900 U.S. Workers Temporarily Laid Off as Company Adjusts to New Tariffs
Automaker Stellantis, which owns brands like Jeep, Citroën, and Ram, has announced it will temporarily halt production at two of its facilities, the Windsor assembly plant in Canada and the Toluca assembly plant in Mexico, in response to President Donald Trump’s recent announcement of a 25% tariff on imported vehicles. This move will result in 900 U.S. employees being temporarily laid off as a result of the production stoppage.
The shutdown at the Windsor plant, located in Canada, will occur for two weeks—April 7 and April 14. Operations are expected to resume the week of April 21. Meanwhile, the Toluca assembly plant in Mexico will pause production for the entire month of April, starting April 7. The company is monitoring the situation closely to determine if further action is needed.
Temporary Layoffs and Uncertainty for U.S. Workers
Due to the halt in production, temporary layoffs will also affect workers at Stellantis’ Warren and Sterling stamping plants in Michigan, as well as the Indiana transmission plants and the Kokomo casting facility in Indiana. In an email to employees, Stellantis’ North American Chief Operating Officer Antonio Filosa explained that the company would quickly adapt to the tariff-induced policy changes. Filosa reassured employees by stating, “We understand that the current environment creates uncertainty. Be assured that we are very engaged with all of our key stakeholders, including top government leaders, unions, suppliers, and dealers in the U.S., Canada, and Mexico, as we work to manage and adapt to these changes.”
Impact of Trump’s Tariffs and Canada’s Response
President Trump’s 25% tariffs on auto imports, announced late last month, were intended to foster domestic manufacturing. However, the tariffs are expected to create financial strain on automakers that rely on global supply chains. In response, Prime Minister Mark Carney of Canada announced that the country will match Trump’s tariffs on U.S. vehicles, adding further strain to cross-border trade.

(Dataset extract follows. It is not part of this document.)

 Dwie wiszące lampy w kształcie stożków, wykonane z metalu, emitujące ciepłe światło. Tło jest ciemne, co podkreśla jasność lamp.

Stellantis Struggles Amid Market Changes
Stellantis has been facing challenges of its own. In December, CEO Carlos Tavares stepped down amid declining sales. North America had long been a profitable region for the company, but increasing competition and shifting market conditions led to struggles in recent years. In response, Stellantis made leadership changes in October, appointing new heads for its North American and European operations. The company also announced plans to reopen an assembly plant in Illinois and build the next-generation Dodge Durango in Detroit, aiming to resolve ongoing issues with the United Auto Workers (UAW).